Segment Start: Dataset records
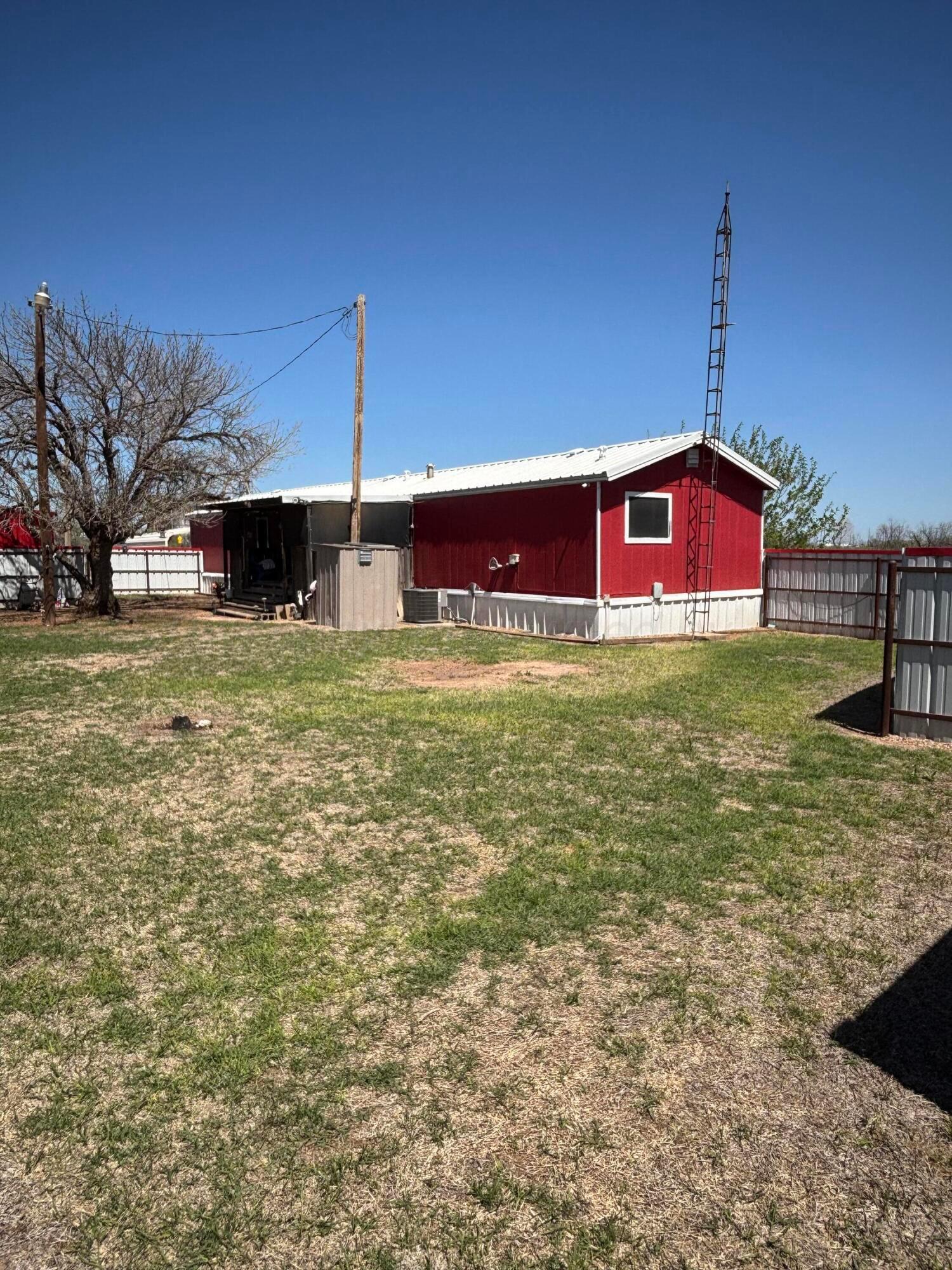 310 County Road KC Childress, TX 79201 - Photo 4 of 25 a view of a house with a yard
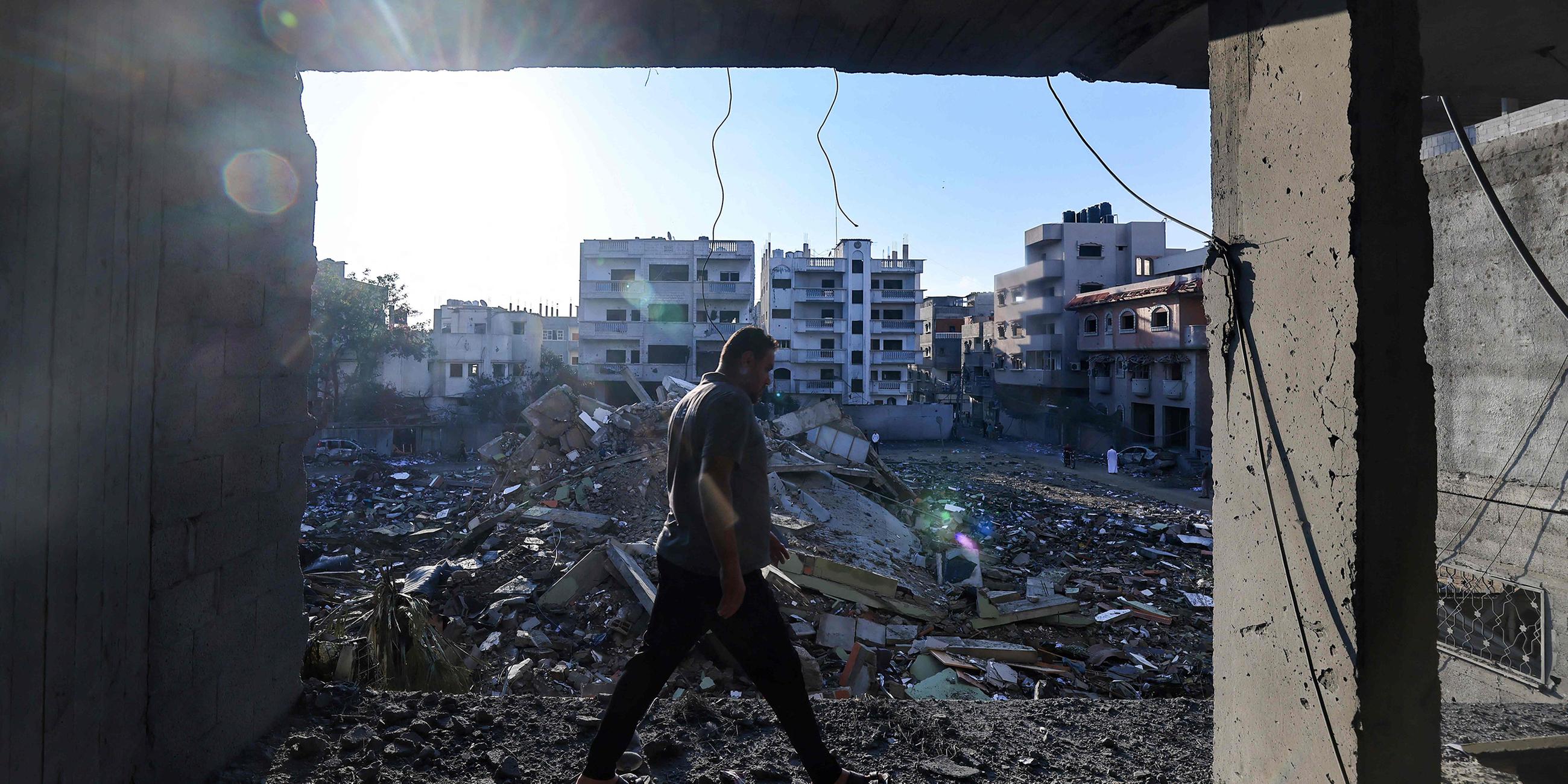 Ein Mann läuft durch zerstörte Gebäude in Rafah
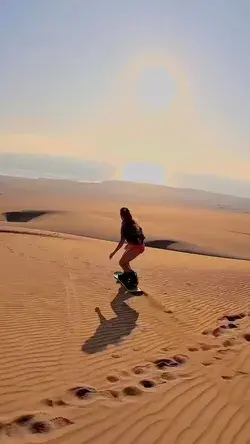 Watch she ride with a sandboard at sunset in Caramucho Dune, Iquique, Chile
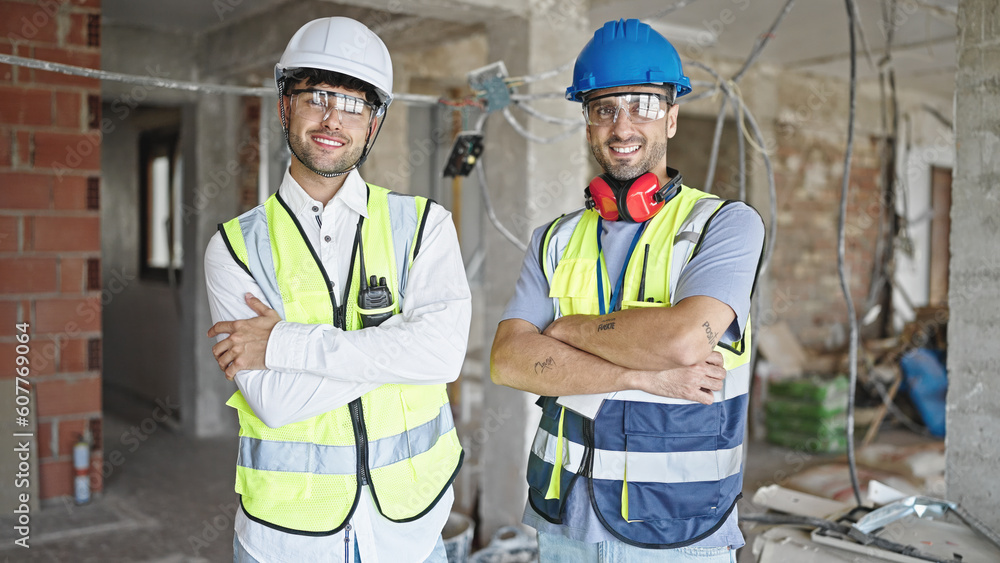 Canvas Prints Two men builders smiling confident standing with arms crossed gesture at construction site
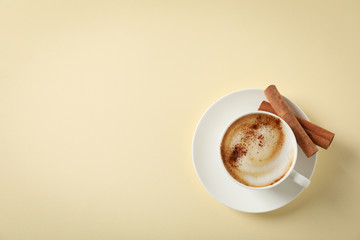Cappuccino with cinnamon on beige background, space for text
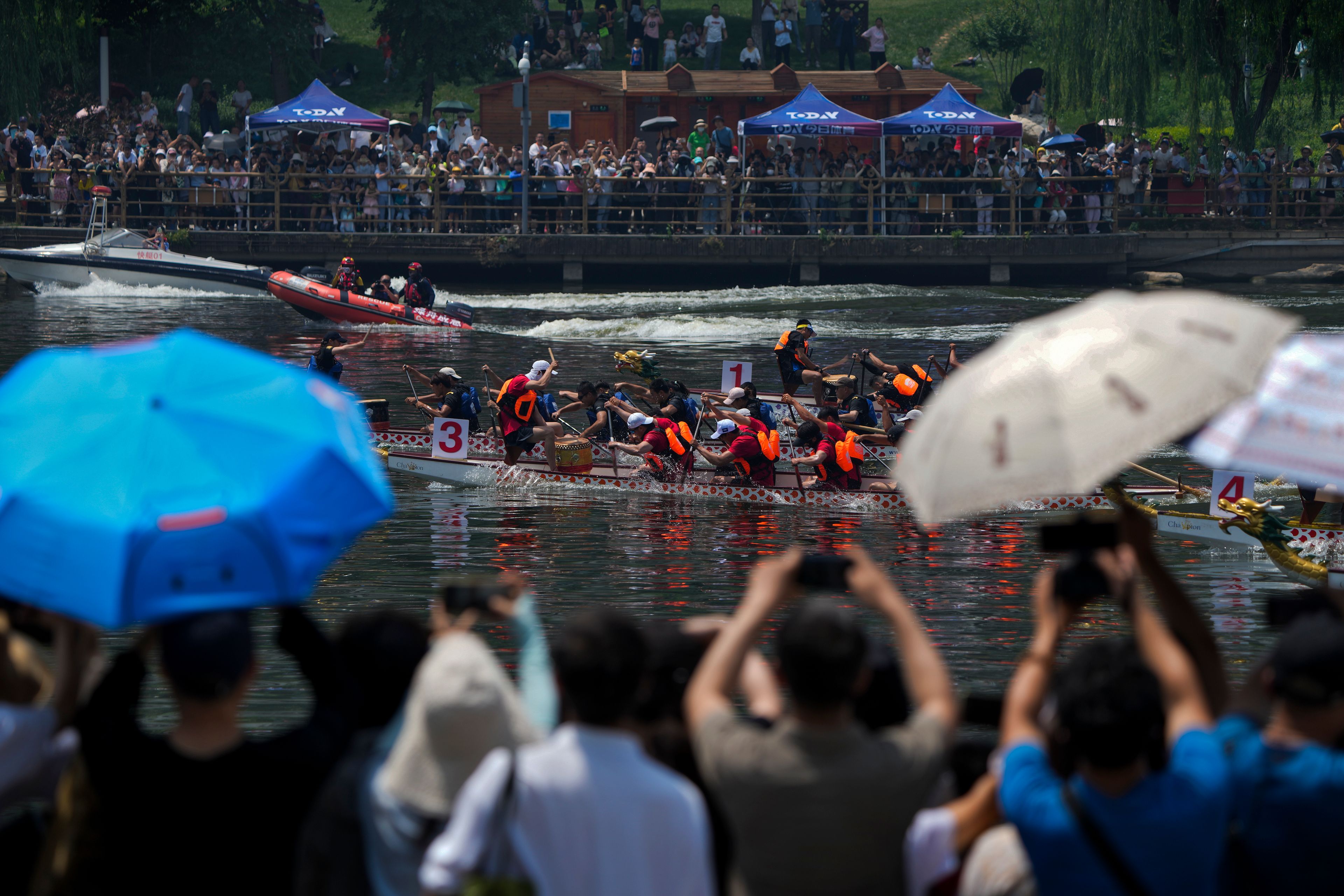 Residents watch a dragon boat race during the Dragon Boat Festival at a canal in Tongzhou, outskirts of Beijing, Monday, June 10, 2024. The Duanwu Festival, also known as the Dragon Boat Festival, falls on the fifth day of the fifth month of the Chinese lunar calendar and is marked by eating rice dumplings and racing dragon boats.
Segment End: Dataset records
▶ **Exercise details**:
Reproduce word for word the lines running from the line with "Ein Mann läuft" through the end of the data, both included, and nothing else; leave out the pictures.

▶ **Written solution**:
 Ein Mann läuft durch zerstörte Gebäude in Rafah
 Watch she ride with a sandboard at sunset in Caramucho Dune, Iquique, Chile
 Canvas Prints Two men builders smiling confident standing with arms crossed gesture at construction site
Cappuccino with cinnamon on beige background, space for text
 Residents watch a dragon boat race during the Dragon Boat Festival at a canal in Tongzhou, outskirts of Beijing, Monday, June 10, 2024. The Duanwu Festival, also known as the Dragon Boat Festival, falls on the fifth day of the fifth month of the Chinese lunar calendar and is marked by eating rice dumplings and racing dragon boats.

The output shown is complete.